→ AIM OF THE EXERCISE
Lines from the one with "Nystatin, sold under" up to and including the one with "Battery storage technology" are to be copied exactly from the records below, without their pictures.

→ GIVEN DATA
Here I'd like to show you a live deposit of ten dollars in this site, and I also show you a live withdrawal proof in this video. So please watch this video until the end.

==

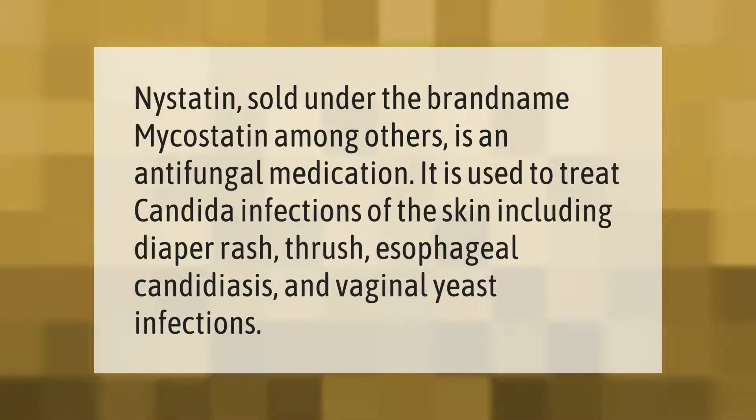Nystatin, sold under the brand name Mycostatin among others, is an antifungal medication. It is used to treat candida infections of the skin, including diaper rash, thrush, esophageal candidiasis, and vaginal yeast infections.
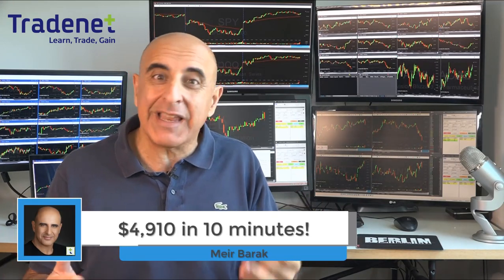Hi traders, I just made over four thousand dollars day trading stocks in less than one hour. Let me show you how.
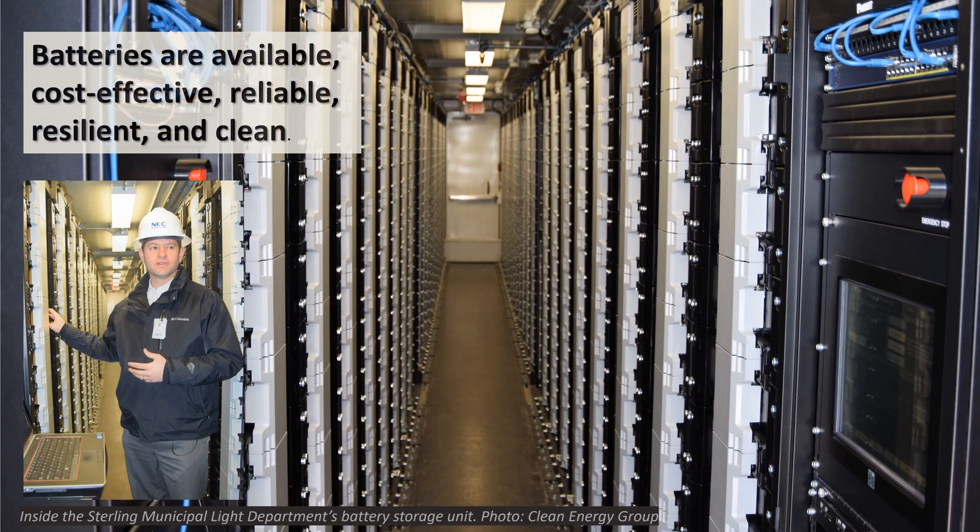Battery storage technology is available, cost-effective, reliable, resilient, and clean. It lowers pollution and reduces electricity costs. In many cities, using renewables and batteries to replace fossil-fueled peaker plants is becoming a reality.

--

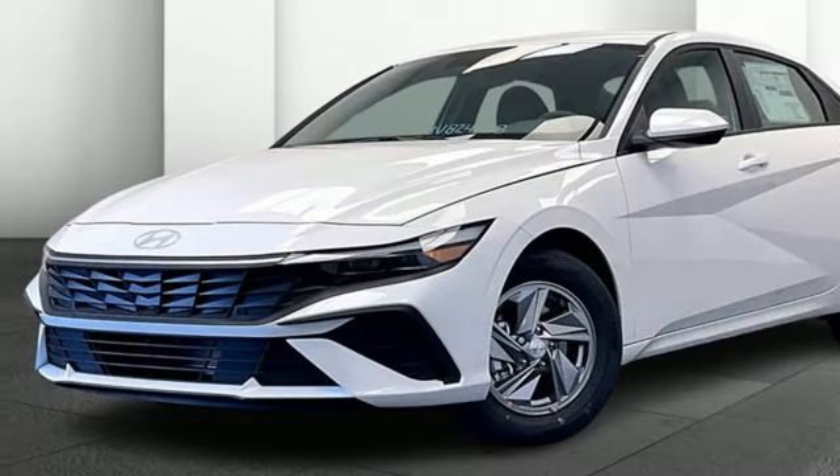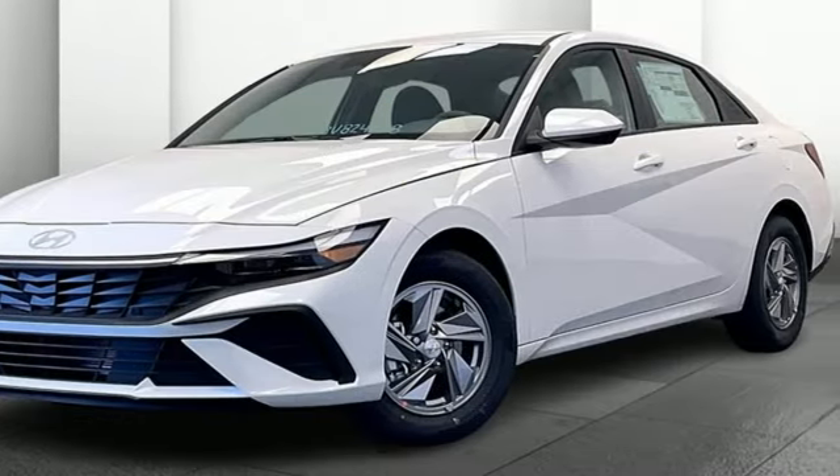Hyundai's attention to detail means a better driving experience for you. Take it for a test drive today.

→ RESPONSE AREA
Nystatin, sold under the brand name Mycostatin among others, is an antifungal medication. It is used to treat candida infections of the skin, including diaper rash, thrush, esophageal candidiasis, and vaginal yeast infections.
Hi traders, I just made over four thousand dollars day trading stocks in less than one hour. Let me show you how.
Battery storage technology is available, cost-effective, reliable, resilient, and clean. It lowers pollution and reduces electricity costs. In many cities, using renewables and batteries to replace fossil-fueled peaker plants is becoming a reality.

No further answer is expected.